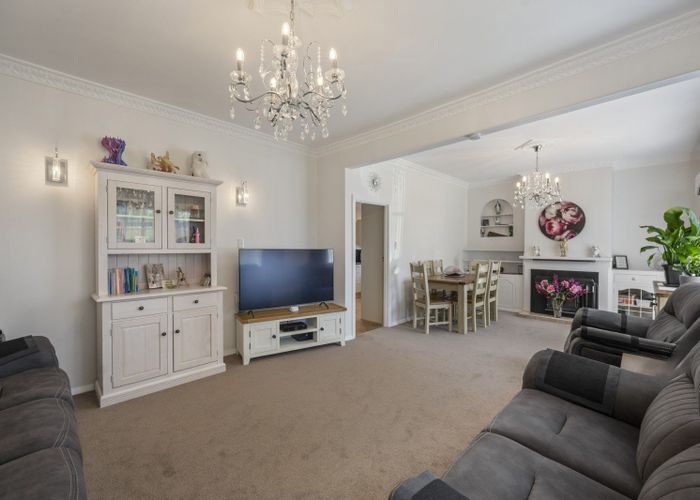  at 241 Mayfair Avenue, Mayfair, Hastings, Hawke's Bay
==
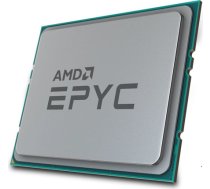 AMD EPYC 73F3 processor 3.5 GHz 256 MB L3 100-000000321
* * *
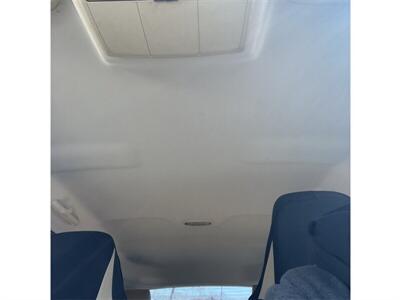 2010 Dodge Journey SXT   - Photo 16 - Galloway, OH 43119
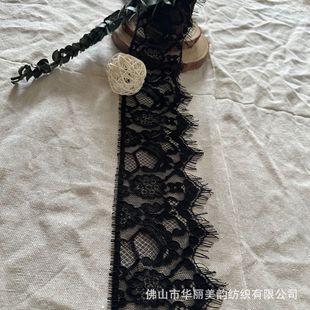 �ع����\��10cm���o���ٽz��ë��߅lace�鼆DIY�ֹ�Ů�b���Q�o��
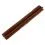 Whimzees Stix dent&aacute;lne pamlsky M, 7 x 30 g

§ **Prompt**
Using the records above, print exactly the lines between the ones containing "2010 Dodge Journey" and "Whimzees Stix dent&aacute;lne", inclusive, and nothing else; no pictures.

§ **Answer box**
 2010 Dodge Journey SXT   - Photo 16 - Galloway, OH 43119
 �ع����\��10cm���o���ٽz��ë��߅lace�鼆DIY�ֹ�Ů�b���Q�o��
 Whimzees Stix dent&aacute;lne pamlsky M, 7 x 30 g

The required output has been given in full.